MEXICO CITY - Two gunmen walked into a radio station and killed a local activist while he was giving his weekly radio program, prosecutors in the northern Mexico state of Sinaloa said. It was the first on-air killing in recent memory in Mexico.

The victim, Atilano Roman Tirado, was the leader of a group of about 800 farm families whose lands were flooded by dam construction several years ago. His group, known as the Displaced Persons of Picachos - after the name of the dam - has been demanding compensation for the land.

Roman Tirado had a weekly variety program on the local Fiesta Mexicana radio station in the Pacific coast port of Mazatlan. In past years, the movement had staged blockades and protest marches, which had resulted in some arrests.

Sinaloa state prosecutors said Sunday that two men walked into the station Saturday and asked for Roman Tirado. The station is in a building that also houses the newspaper El Sol de Mazatlan.

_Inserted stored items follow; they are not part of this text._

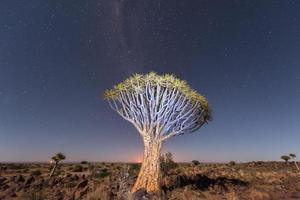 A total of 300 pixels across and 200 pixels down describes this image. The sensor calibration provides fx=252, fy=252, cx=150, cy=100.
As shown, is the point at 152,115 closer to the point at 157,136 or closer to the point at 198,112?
the point at 157,136

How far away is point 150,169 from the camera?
1151 cm

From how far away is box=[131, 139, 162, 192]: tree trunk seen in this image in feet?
37.0

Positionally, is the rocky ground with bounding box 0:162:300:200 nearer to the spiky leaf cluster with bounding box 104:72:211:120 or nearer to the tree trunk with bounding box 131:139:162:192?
the tree trunk with bounding box 131:139:162:192

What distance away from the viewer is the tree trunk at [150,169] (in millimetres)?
11266

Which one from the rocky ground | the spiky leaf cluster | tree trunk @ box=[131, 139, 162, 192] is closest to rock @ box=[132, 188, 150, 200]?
the rocky ground

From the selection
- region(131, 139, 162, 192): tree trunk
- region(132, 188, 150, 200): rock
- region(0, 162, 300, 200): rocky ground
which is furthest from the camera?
region(131, 139, 162, 192): tree trunk

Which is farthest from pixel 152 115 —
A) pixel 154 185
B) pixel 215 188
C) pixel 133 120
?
pixel 215 188

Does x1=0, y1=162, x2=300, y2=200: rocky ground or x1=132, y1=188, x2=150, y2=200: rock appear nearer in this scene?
x1=132, y1=188, x2=150, y2=200: rock

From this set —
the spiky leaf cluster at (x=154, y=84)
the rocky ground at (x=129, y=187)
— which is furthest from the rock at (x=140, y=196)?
the spiky leaf cluster at (x=154, y=84)

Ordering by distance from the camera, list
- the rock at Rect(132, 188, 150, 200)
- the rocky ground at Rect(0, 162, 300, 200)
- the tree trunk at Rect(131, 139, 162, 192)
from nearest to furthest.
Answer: the rock at Rect(132, 188, 150, 200)
the rocky ground at Rect(0, 162, 300, 200)
the tree trunk at Rect(131, 139, 162, 192)

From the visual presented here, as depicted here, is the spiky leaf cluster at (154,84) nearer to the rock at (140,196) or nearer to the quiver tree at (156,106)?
the quiver tree at (156,106)

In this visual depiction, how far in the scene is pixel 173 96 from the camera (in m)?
12.8

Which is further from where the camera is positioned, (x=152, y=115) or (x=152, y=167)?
(x=152, y=115)

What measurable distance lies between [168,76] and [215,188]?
22.4 ft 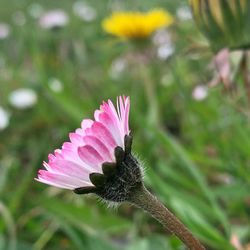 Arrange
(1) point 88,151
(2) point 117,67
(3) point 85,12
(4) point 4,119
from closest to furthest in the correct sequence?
(1) point 88,151, (4) point 4,119, (2) point 117,67, (3) point 85,12

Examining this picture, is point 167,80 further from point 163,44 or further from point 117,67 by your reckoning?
point 117,67

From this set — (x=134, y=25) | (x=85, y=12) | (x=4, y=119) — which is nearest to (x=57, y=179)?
(x=134, y=25)

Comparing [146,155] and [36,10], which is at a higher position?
[146,155]

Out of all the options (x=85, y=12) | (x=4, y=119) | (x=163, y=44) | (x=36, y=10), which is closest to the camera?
(x=4, y=119)

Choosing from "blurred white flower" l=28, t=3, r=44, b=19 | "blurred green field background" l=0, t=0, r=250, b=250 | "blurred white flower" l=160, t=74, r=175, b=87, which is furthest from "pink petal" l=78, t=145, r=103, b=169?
"blurred white flower" l=28, t=3, r=44, b=19

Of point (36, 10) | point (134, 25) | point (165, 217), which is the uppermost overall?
point (165, 217)

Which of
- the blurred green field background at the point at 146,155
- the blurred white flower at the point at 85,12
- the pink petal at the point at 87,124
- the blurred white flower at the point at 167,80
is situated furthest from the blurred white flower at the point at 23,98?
the blurred white flower at the point at 85,12

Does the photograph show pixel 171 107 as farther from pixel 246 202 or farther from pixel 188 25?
pixel 246 202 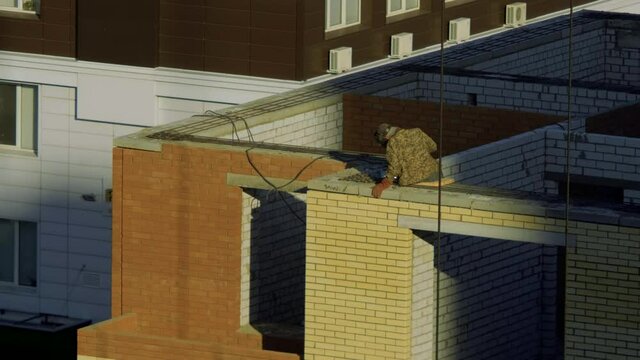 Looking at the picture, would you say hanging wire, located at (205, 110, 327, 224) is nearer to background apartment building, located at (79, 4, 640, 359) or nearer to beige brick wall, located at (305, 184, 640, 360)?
background apartment building, located at (79, 4, 640, 359)

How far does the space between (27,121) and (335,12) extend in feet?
20.0

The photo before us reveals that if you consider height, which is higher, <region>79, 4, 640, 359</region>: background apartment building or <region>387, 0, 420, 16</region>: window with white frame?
<region>387, 0, 420, 16</region>: window with white frame

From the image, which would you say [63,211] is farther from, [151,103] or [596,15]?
[596,15]

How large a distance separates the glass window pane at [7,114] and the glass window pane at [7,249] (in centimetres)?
155

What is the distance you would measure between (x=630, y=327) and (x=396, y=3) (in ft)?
55.0

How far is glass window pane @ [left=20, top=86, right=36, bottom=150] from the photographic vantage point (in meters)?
45.7

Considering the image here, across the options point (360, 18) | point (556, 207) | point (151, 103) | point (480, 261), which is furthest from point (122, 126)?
point (556, 207)

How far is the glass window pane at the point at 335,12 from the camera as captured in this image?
148 feet

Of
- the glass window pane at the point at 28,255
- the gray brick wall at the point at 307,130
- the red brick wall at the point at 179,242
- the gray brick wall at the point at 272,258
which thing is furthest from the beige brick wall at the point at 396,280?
the glass window pane at the point at 28,255

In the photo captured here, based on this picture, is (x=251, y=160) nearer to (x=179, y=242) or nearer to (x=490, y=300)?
(x=179, y=242)

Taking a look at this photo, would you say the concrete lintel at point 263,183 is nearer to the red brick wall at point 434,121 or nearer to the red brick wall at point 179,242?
the red brick wall at point 179,242

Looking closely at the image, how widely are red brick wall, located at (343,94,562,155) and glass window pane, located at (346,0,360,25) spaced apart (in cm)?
561

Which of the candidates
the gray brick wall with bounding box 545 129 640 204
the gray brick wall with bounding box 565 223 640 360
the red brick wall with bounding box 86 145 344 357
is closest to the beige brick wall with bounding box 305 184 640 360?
→ the gray brick wall with bounding box 565 223 640 360

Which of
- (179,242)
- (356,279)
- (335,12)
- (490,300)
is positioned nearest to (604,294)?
(356,279) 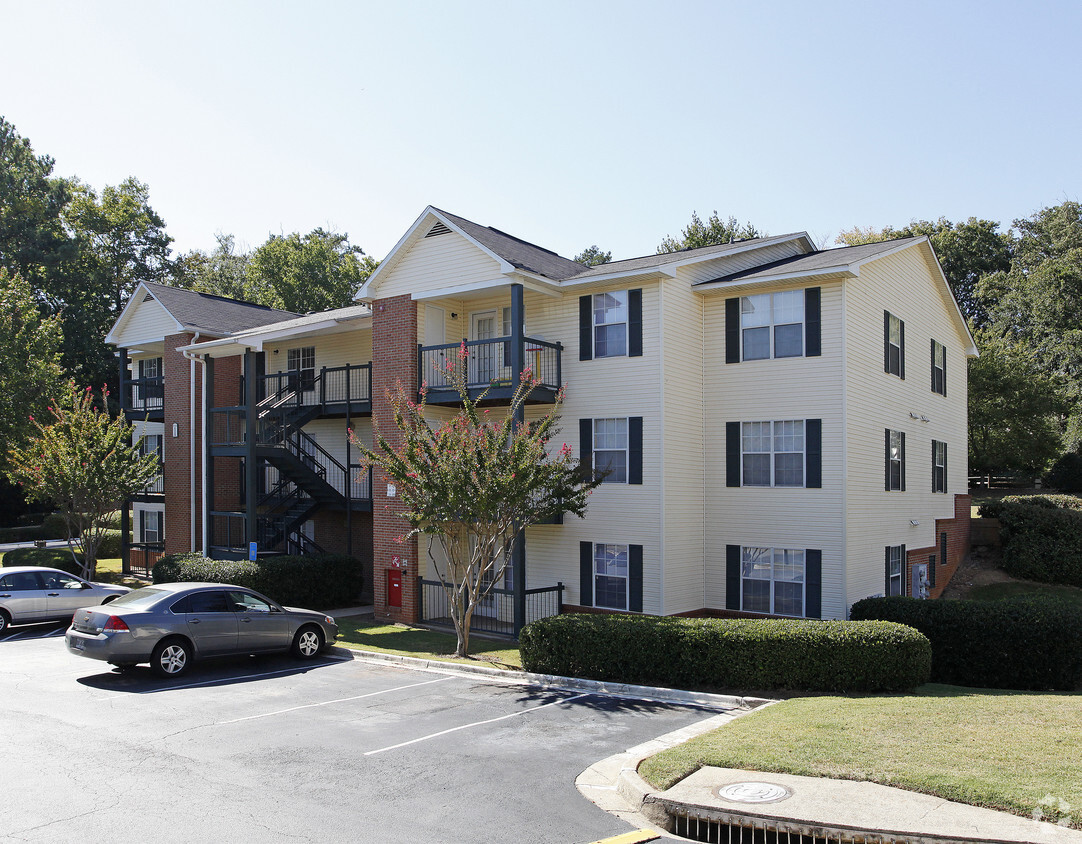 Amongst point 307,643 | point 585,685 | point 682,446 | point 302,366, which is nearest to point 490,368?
point 682,446

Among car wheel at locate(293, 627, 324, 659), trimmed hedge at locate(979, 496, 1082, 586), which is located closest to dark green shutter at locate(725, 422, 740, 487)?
car wheel at locate(293, 627, 324, 659)

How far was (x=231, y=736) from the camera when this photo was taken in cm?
1065

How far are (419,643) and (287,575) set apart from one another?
5.49 metres

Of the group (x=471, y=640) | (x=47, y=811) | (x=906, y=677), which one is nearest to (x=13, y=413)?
(x=471, y=640)

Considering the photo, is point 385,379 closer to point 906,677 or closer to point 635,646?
point 635,646

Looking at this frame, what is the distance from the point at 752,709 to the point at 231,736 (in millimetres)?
6985

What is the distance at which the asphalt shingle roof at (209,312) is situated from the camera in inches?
1118

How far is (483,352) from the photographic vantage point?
21953 millimetres

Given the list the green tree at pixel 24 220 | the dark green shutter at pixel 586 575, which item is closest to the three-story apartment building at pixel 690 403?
the dark green shutter at pixel 586 575

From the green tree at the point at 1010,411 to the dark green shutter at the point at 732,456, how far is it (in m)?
24.3

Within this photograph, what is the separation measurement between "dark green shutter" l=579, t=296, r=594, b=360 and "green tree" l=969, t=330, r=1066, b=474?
26025 mm

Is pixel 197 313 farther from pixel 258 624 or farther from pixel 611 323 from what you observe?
pixel 258 624

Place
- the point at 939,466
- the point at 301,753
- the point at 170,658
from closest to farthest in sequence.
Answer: the point at 301,753 → the point at 170,658 → the point at 939,466

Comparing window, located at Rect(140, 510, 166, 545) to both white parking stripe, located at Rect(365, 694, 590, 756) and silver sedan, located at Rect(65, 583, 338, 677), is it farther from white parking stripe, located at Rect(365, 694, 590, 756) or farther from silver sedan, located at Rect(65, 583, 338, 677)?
white parking stripe, located at Rect(365, 694, 590, 756) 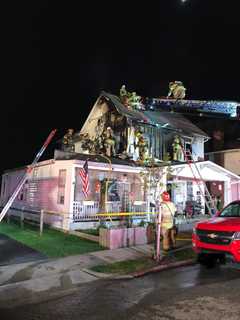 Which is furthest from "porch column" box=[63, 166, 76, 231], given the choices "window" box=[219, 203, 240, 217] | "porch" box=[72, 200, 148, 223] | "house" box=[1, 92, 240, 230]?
"window" box=[219, 203, 240, 217]

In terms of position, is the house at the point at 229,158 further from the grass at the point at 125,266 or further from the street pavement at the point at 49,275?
the grass at the point at 125,266

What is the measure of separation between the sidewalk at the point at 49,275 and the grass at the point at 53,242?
716 mm

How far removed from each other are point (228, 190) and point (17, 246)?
622 inches

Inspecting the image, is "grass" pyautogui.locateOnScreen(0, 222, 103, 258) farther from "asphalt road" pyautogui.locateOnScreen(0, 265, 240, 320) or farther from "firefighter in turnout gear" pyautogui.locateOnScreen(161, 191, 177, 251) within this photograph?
"asphalt road" pyautogui.locateOnScreen(0, 265, 240, 320)

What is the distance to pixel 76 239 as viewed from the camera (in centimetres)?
1203

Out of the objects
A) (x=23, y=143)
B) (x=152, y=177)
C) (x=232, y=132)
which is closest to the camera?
(x=152, y=177)

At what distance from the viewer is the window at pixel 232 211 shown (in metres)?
8.68

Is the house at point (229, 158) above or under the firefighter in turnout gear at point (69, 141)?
under

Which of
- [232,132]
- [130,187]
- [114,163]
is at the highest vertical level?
[232,132]

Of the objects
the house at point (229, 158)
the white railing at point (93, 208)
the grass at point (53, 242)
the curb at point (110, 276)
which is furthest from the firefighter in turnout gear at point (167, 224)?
the house at point (229, 158)

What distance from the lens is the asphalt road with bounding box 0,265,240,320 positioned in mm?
4980

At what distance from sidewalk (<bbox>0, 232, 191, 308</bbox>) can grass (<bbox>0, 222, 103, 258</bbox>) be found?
2.35ft

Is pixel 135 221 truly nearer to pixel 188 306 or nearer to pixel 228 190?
pixel 228 190

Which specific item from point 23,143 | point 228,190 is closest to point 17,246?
point 228,190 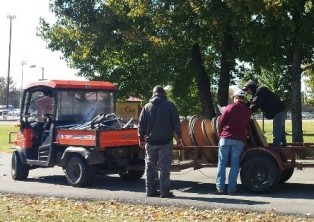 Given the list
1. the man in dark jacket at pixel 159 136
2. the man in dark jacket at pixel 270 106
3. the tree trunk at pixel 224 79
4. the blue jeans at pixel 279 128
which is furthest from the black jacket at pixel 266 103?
the tree trunk at pixel 224 79

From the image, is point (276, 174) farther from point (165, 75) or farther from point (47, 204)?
point (165, 75)

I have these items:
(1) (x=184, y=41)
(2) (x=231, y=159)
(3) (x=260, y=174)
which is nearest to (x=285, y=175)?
(3) (x=260, y=174)

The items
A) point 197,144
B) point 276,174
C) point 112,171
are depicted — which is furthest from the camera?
point 112,171

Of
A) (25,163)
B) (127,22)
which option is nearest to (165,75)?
(127,22)

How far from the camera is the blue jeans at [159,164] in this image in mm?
10961

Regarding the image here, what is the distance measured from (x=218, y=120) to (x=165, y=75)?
13.7 m

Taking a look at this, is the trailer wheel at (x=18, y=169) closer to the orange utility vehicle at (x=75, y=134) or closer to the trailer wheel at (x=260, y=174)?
the orange utility vehicle at (x=75, y=134)

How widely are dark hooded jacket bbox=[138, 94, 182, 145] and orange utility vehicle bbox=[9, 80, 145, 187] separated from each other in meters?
1.57

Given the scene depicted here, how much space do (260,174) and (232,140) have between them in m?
0.84

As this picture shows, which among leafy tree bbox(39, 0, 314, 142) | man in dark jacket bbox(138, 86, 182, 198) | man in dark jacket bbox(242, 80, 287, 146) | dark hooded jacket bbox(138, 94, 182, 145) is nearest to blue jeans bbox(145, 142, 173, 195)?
man in dark jacket bbox(138, 86, 182, 198)

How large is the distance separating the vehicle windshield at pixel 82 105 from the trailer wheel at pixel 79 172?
1208 mm

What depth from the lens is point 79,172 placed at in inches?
506

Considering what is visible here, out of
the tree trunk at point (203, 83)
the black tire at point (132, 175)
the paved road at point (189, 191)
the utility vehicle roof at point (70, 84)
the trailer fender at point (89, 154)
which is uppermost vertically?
the tree trunk at point (203, 83)

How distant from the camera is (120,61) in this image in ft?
94.8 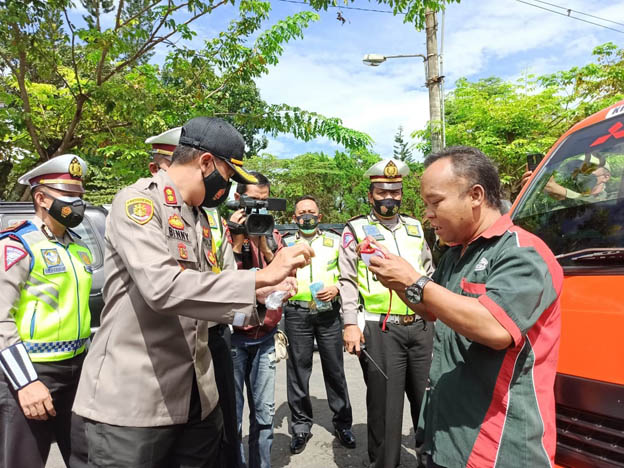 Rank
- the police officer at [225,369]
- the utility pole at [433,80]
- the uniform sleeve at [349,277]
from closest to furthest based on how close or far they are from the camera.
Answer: the police officer at [225,369]
the uniform sleeve at [349,277]
the utility pole at [433,80]

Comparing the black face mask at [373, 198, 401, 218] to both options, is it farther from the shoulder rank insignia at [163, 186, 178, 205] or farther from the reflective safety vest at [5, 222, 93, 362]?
the reflective safety vest at [5, 222, 93, 362]

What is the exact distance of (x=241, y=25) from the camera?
6879 mm

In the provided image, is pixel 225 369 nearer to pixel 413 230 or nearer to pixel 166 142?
pixel 166 142

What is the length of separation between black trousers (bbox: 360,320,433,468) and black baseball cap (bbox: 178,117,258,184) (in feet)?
5.98

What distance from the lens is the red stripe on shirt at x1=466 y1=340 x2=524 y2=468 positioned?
1.50 metres

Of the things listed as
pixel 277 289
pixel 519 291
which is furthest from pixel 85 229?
pixel 519 291

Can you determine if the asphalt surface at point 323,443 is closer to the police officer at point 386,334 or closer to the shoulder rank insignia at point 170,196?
the police officer at point 386,334

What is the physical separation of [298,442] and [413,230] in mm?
2125

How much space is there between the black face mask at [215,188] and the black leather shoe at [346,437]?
2.84m

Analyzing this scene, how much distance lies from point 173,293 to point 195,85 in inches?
250

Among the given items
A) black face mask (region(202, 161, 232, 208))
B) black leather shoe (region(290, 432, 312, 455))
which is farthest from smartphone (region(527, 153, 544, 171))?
black leather shoe (region(290, 432, 312, 455))

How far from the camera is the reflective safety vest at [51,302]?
248cm

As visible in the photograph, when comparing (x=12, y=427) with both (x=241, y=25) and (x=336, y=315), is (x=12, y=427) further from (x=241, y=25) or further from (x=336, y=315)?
(x=241, y=25)

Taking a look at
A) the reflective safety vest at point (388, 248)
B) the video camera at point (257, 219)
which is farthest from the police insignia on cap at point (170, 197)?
the reflective safety vest at point (388, 248) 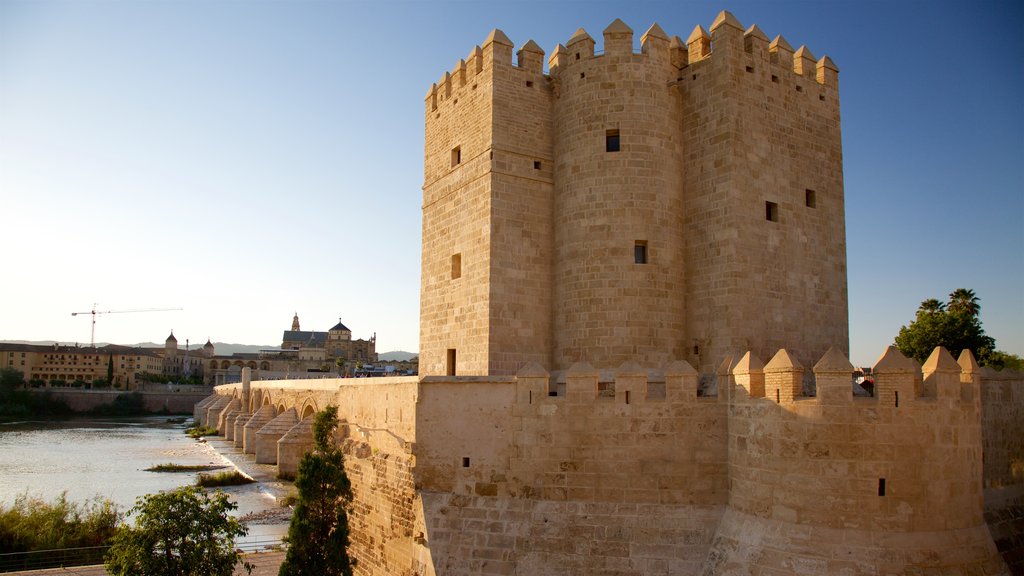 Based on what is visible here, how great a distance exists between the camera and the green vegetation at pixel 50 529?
16.6 metres

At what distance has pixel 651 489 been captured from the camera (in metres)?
10.4

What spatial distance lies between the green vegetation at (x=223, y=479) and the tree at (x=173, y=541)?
18.6 m

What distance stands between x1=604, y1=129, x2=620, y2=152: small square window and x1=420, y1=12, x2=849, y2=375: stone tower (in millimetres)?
38

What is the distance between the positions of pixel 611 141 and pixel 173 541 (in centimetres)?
1073

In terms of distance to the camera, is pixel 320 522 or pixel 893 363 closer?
pixel 893 363

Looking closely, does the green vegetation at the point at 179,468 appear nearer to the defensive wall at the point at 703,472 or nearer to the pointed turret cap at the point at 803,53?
the defensive wall at the point at 703,472

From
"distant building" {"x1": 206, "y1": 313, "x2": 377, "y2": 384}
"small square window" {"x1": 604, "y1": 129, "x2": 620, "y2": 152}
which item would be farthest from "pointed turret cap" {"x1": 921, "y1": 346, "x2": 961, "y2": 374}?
"distant building" {"x1": 206, "y1": 313, "x2": 377, "y2": 384}

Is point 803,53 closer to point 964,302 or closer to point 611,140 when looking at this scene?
point 611,140

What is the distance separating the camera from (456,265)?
14914mm

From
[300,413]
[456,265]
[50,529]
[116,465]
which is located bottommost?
[116,465]

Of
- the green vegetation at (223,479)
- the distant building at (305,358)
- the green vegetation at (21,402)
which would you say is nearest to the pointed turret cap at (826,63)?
the green vegetation at (223,479)

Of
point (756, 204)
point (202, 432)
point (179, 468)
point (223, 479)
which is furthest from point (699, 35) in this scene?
point (202, 432)

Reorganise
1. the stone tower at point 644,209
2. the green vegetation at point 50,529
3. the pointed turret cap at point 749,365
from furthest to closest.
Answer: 1. the green vegetation at point 50,529
2. the stone tower at point 644,209
3. the pointed turret cap at point 749,365

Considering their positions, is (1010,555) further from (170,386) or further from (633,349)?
(170,386) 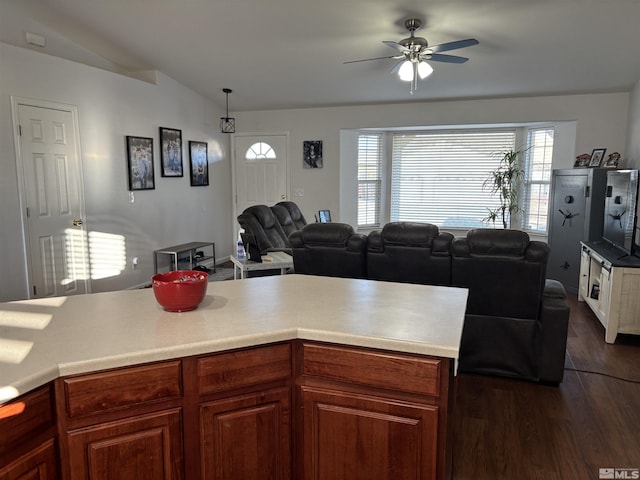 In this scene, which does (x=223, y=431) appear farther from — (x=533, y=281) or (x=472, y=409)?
(x=533, y=281)

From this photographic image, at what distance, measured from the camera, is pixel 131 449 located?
57.3 inches

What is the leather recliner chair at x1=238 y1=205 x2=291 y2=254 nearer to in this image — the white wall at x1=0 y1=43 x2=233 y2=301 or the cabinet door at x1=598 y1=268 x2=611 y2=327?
the white wall at x1=0 y1=43 x2=233 y2=301

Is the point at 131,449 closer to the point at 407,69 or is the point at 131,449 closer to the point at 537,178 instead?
the point at 407,69

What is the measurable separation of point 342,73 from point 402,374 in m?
4.95

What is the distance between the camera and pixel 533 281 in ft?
9.30

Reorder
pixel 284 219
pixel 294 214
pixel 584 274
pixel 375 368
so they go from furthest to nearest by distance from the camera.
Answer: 1. pixel 294 214
2. pixel 284 219
3. pixel 584 274
4. pixel 375 368

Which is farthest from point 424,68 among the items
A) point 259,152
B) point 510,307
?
point 259,152

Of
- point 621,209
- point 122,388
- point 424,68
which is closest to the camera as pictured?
point 122,388

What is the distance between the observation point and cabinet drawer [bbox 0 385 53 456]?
1.20 metres

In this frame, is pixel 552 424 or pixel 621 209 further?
pixel 621 209

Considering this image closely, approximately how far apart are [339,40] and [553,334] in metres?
3.53

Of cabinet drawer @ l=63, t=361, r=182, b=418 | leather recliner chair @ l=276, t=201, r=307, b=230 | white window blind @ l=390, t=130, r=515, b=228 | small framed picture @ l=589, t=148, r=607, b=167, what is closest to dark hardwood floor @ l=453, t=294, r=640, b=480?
cabinet drawer @ l=63, t=361, r=182, b=418

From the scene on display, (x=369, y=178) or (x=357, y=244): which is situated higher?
(x=369, y=178)

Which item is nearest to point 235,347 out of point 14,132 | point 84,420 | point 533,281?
point 84,420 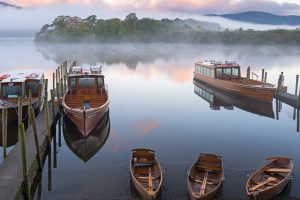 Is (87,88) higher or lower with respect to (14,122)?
higher

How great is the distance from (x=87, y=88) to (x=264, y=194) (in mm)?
20481

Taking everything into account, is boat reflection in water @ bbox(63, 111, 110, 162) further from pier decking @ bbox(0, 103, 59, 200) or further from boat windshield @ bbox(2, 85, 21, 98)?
boat windshield @ bbox(2, 85, 21, 98)

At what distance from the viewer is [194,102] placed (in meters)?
41.8

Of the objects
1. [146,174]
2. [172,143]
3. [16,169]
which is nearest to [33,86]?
[172,143]

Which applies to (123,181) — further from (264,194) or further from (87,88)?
(87,88)

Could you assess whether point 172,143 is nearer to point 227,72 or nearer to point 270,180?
point 270,180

One of the men waited outside the studio where Roman Tirado was broadcasting while the other assailant walked into the studio and shot him. He died at a local hospital.

The movement had become somewhat less active over the last couple of years, and Roman Tirado had ventured into other lines of business. But, at its height, the movement had reported receiving telephone death threats against its leaders.

The government gave houses to people whose villages were flooded by the construction of the Picachos dam, which started in 2006. However, the dwellings were tiny, shack-like structures.

Sinaloa Gov. Mario Lopez Valdez said Sunday that the killing would not go unpunished.

State prosecutor Marco Antonio Higuera said the killers used a 9-mm pistol in the crime, and that the station offices did not have security cameras that could have recorded the killing.

Attacks on radio stations are rare in Mexico, though print journalists and photographers have frequently been the victims of attacks and killings.

According to the New York-based Committee to Protect Journalists, 75 journalists and media workers have been killed since 1992; the vast majority worked as reporters or editors for print media.